Invited foreign journalists began a long journey up North Korea's east coast yesterday to witness the slated destruction of the reclusive regime's nuclear test site, a high profile gesture on the road to a summit with the U.S. that Donald Trump now says might not happen.

In a surprise announcement Pyongyang said earlier this month that it planned to "completely" destroy the Punggye-ri facility in the country's northeast, a move welcomed by Washington and Seoul.

Punggye-ri has been the staging ground for all six of the North's nuclear tests, including its latest and by far most powerful one in September last year, which Pyongyang said was an H-bomb.

The North has portrayed the destruction on the test site as a goodwill gesture ahead of planned June 12 summit between Kim and Trump in Singapore. But doubts have since been cast by both sides on whether that potentially historic meeting will take place.

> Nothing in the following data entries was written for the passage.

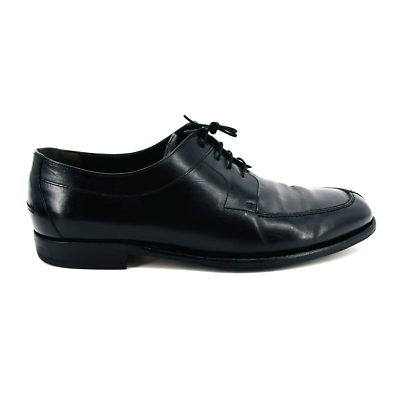 Bragano Italian Black Leather Lace Up Oxfords Size 10 Black  main image 4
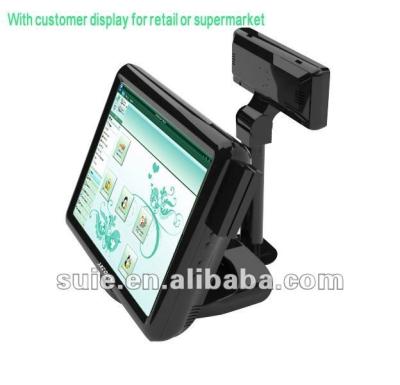 China 2 * 20 VFD Cash Register Touch Screen , Pos Touch Screen Monitor for sale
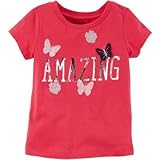 カーターズ Carter's/ アメージング グラフィック ティ レッド トップス半袖Tシャツ 7歳【並行輸入】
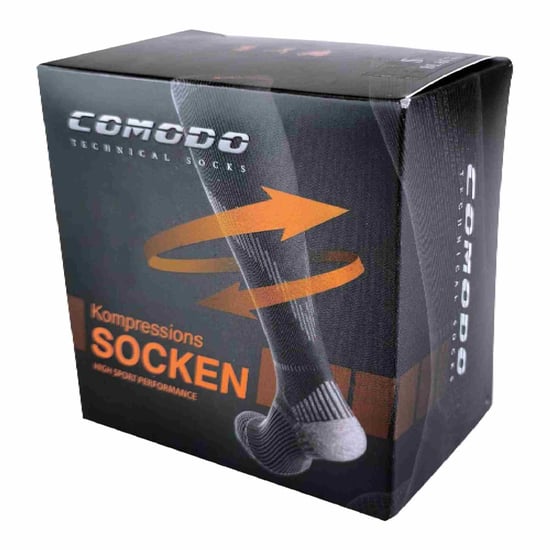 1 Pack Unisex Kompressions-Laufsocken über die Waden - Image 2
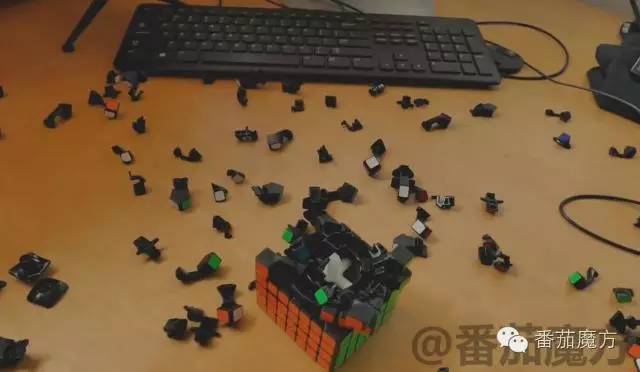 27阶魔方的还原教程,人工还原22阶魔方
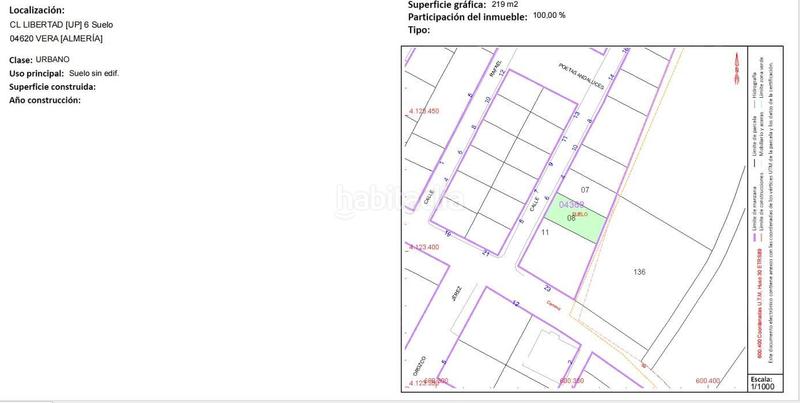 Foto 018a9e88-82b3-493a-a809-fbc94353c9c0. Terrain résidentiel dans calle baza 10 dans Vera ciudad Vera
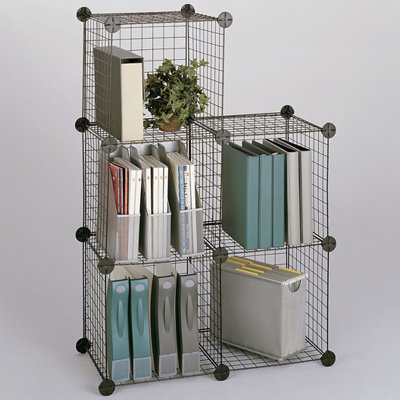 Safco Wire Cubes in Black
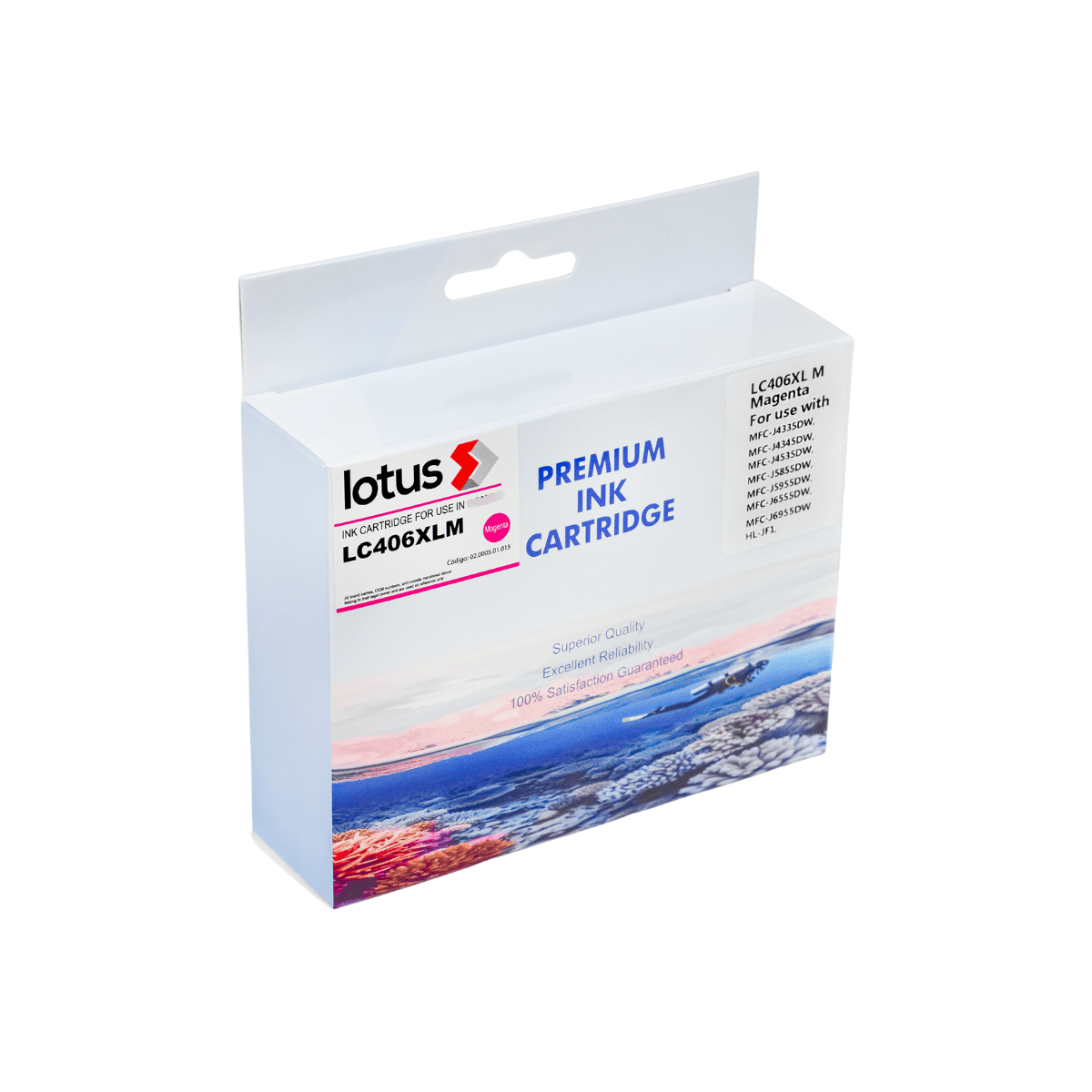Cartucho de Tinta P/ Brother LC406XL LC406XLM Magenta C/ Chip 5K - Lotus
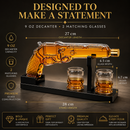 Whiskey Decanter Set 7.7 Oz with Two 1.6 Oz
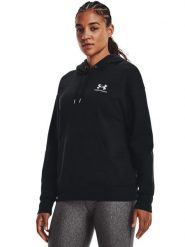 Under Armour Bluza Essential 1373033 Czarny Relaxed Fit. Czarne bluzy Under Armour, s, bez wzorów, z bawełny, bez kaptura. Za 179.99 zł.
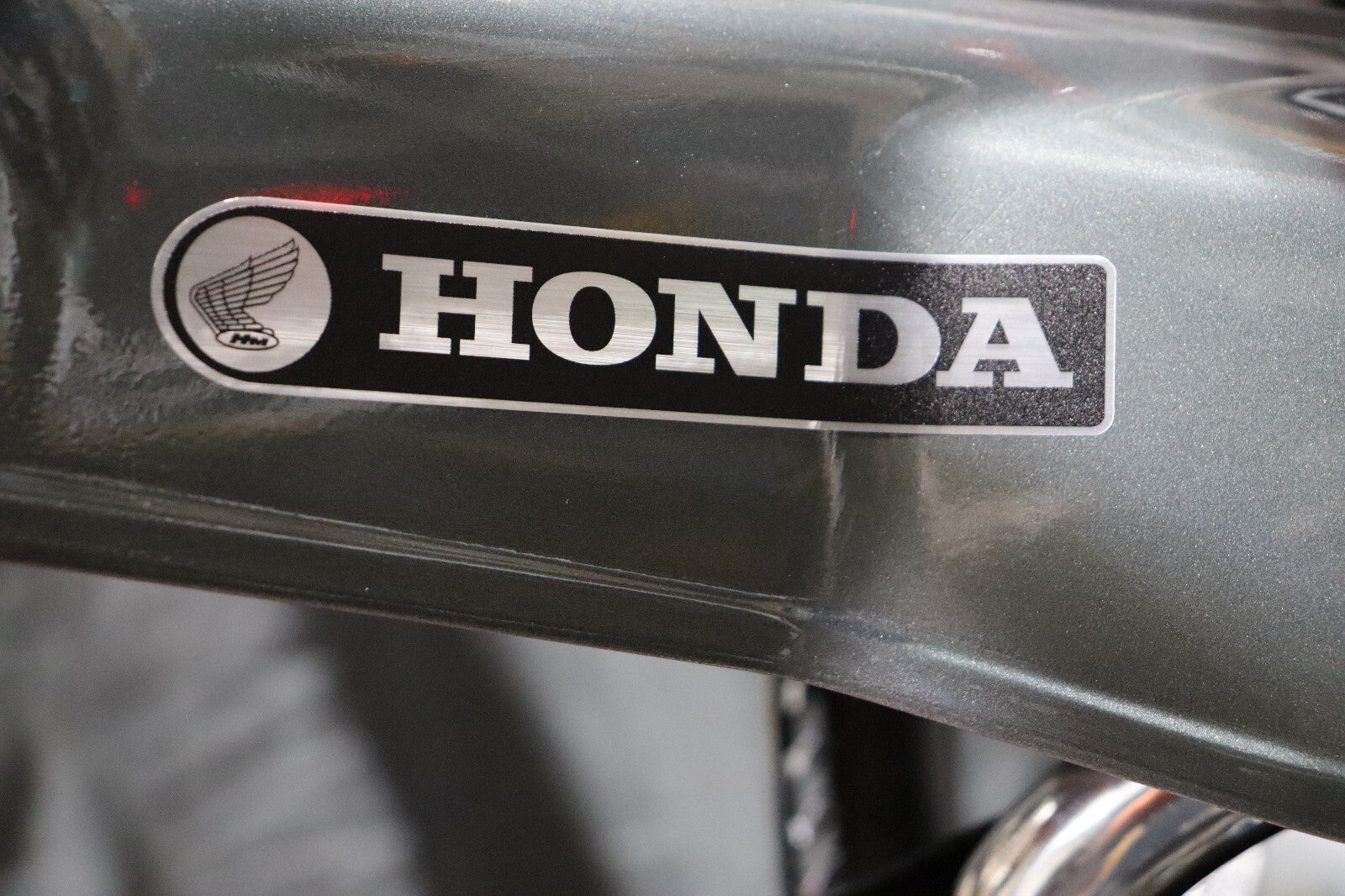 1969 CT90K1 Air Box Emblem & Down Tube Decal Set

Last week Pyongyang threatened to pull out if Washington pressed for its unilateral nuclear disarmament. Trump also said the meeting could be delayed as he met with South Korean leader Moon Jae-in in Washington on Tuesday.

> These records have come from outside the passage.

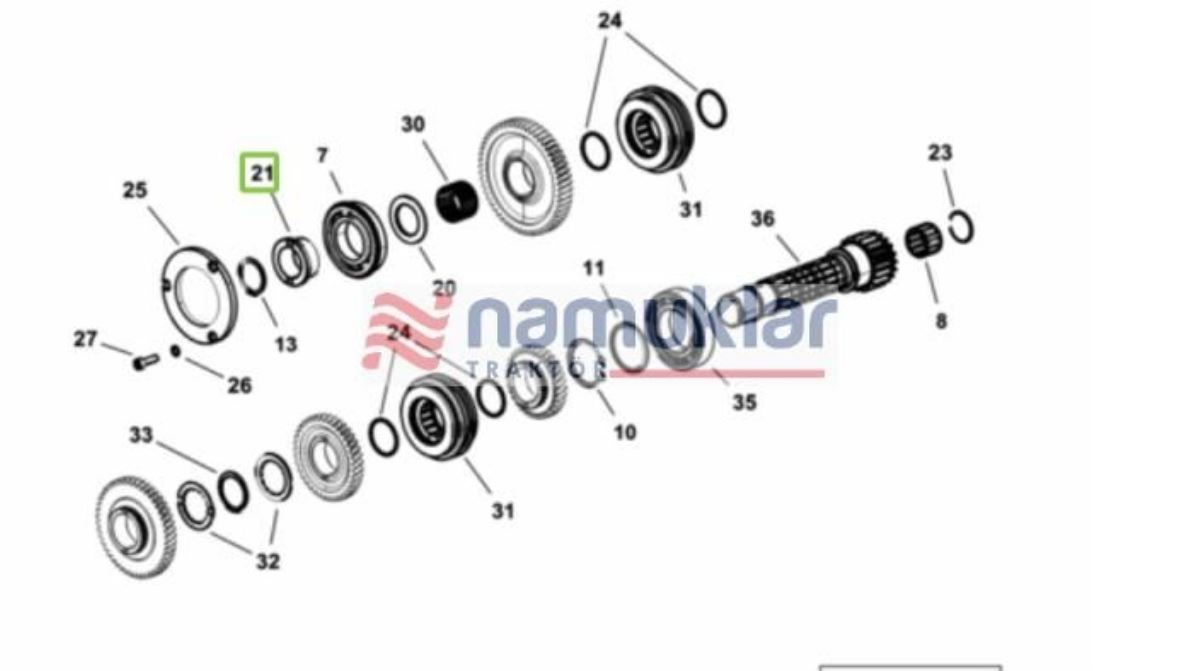 RULMAN YATAGI 0.015.0548.0 1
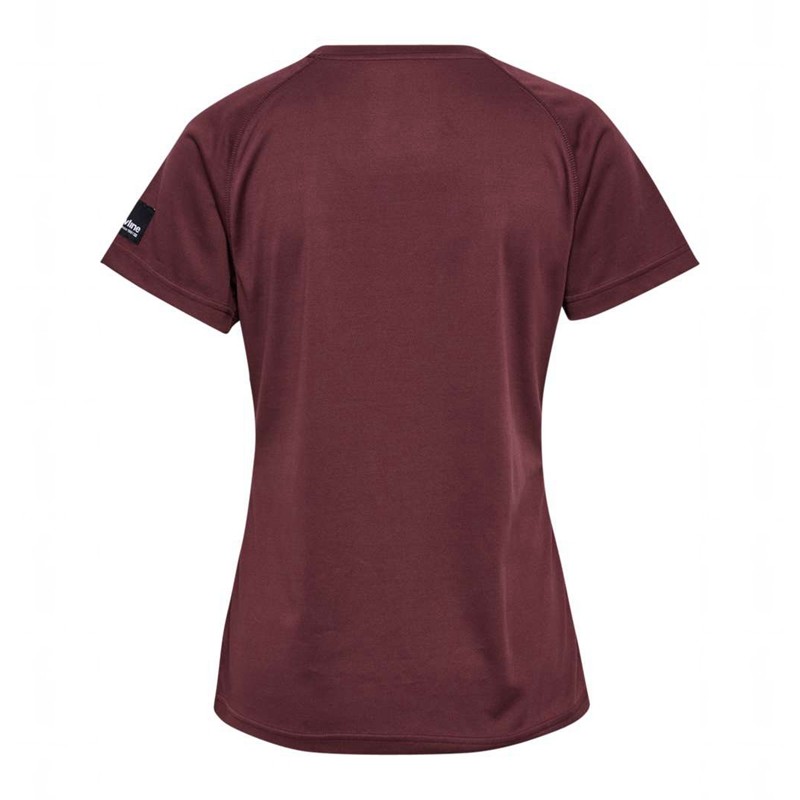 Dámské Tričko Hummel Nwlcharge Mesh W Vínové | 701195-324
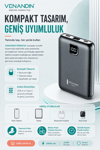 22.5W Hızlı Şarj Özellikli 10000 mAh Kapasiteli Kompakt Powerbank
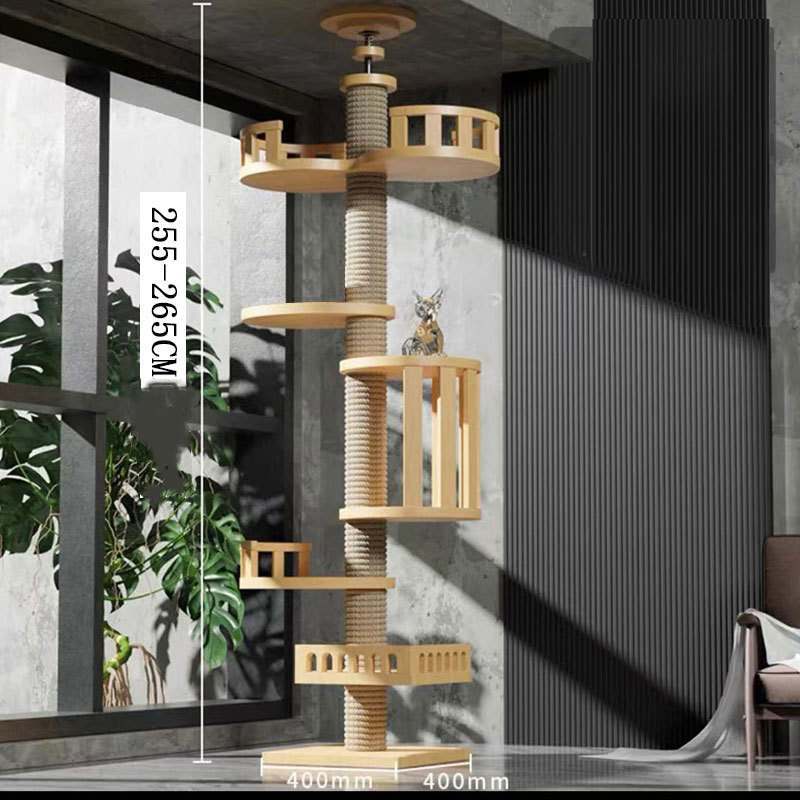 Solid Wood Column Cat Climbing Frame Toy - Image 6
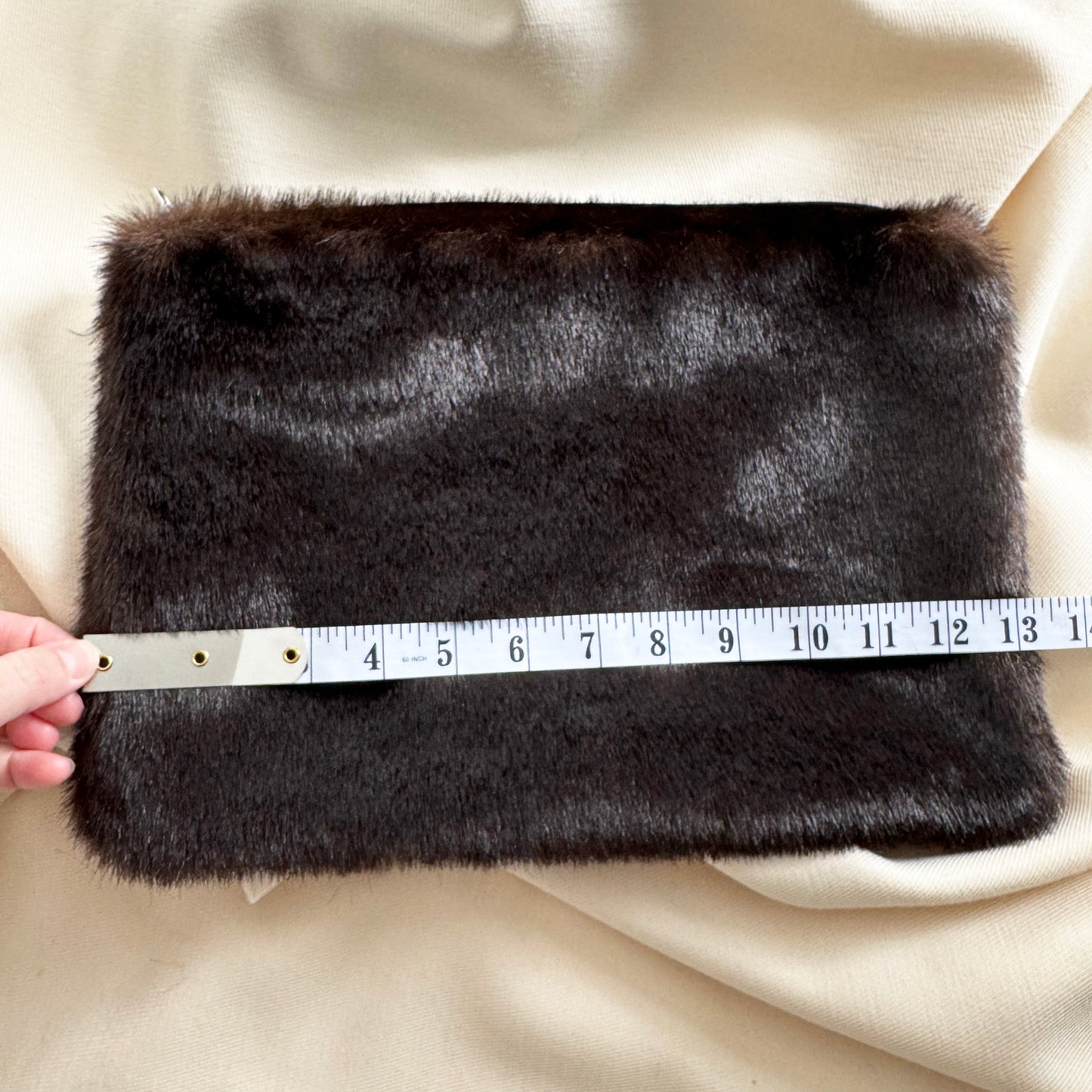 Loulou de la Saison "Flint" Faux Fur Clutch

"There are certain conditions we want to happen. I think we'll get those conditions. And if we don't, we won't have the meeting," he told reporters, without elaborating on what those conditions might be.

Politically, Trump has invested heavily in the success of his meeting with Kim, and so privately most U.S. officials, as well as outside observers, believe it will go ahead. But as the date draws near, Trump's divergence from his top aides, the differences between the two sides and these high stakes are coming into sharp relief.

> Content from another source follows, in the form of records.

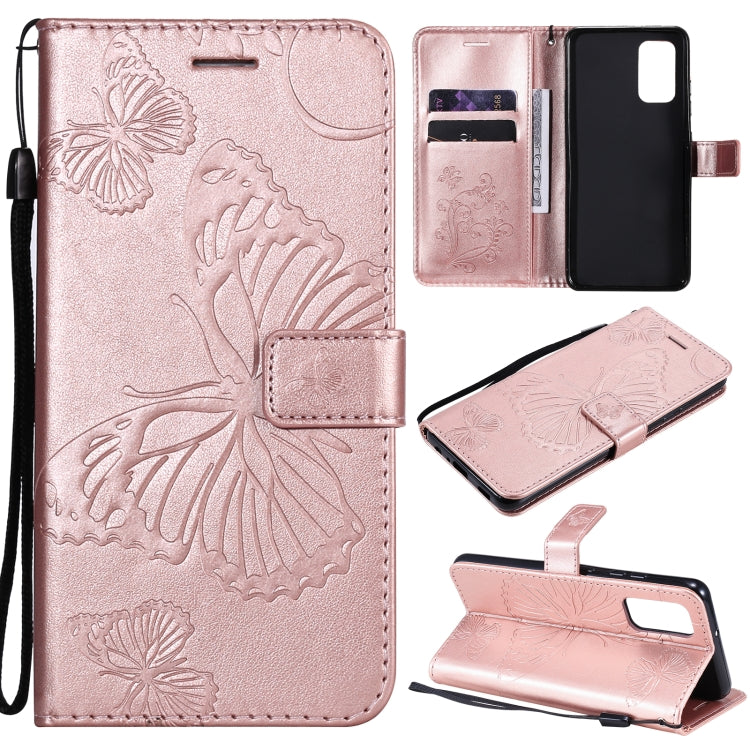 Pressed Printing Butterfly Pattern Horizontal Flip PU Leather Case with Holder & Card Slots & Wallet & Lanyard, For Xiaomi Redmi Note 10 4G, For Xiaomi Redmi Note 10 Pro 4G, For Samsung Galaxy A32 4G, For Samsung Galaxy S21 FE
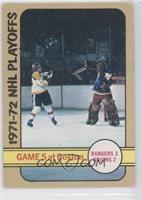 1971-72 NHL Playoffs - Game 5 at Boston [Good to VG‑EX]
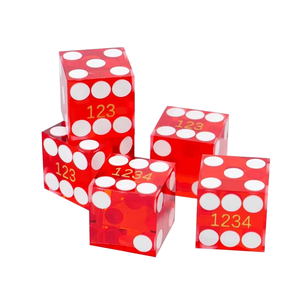 Bán buôn số lượng lớn 19mm vuông nhiều màu rắn Acrylic 6 mặt Cube <span class=keywords><strong>Dice</strong></span> với dấu chấm màu trắng cho DND Trò chơi cờ bạc và giáo dục - Product Image 4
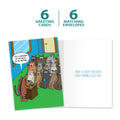 Load image into Gallery viewer, The cover and inside of Tree-Free’s Another Year Licked card, along with the following text: “6 greeting cards, 6 matching envelopes”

Washington has made it clear it wants to see the "complete, verifiable and irreversible denuclearization" of the North.

Pyongyang has vowed it will never give up its nuclear deterrence until it feels safe from what it terms U.S. aggression. "Everything is on thin ice," Koo Kab-woo, a professor at the University of North Korean Studies in Seoul, told Agence France-Presse (AFP).

"Trump wants a swift denuclearization, something that will be done within his first term in office. In that case, he has to provide North Korea with a corresponding, swift security guarantee."

Observers will be watching the nuclear test site destruction ceremony closely for any clues to the North's mood. Experts are divided over whether the demolition will render the site useless. Skeptics say the site has already outlived its usefulness with six successful nuclear tests in the bag and can be quickly rebuilt if needed. Previous similar gestures by the North were rapidly reversed when the international mood soured. But others say the fact that North Korea agreed to destroy the site without preconditions or asking for something in return from Washington is significant.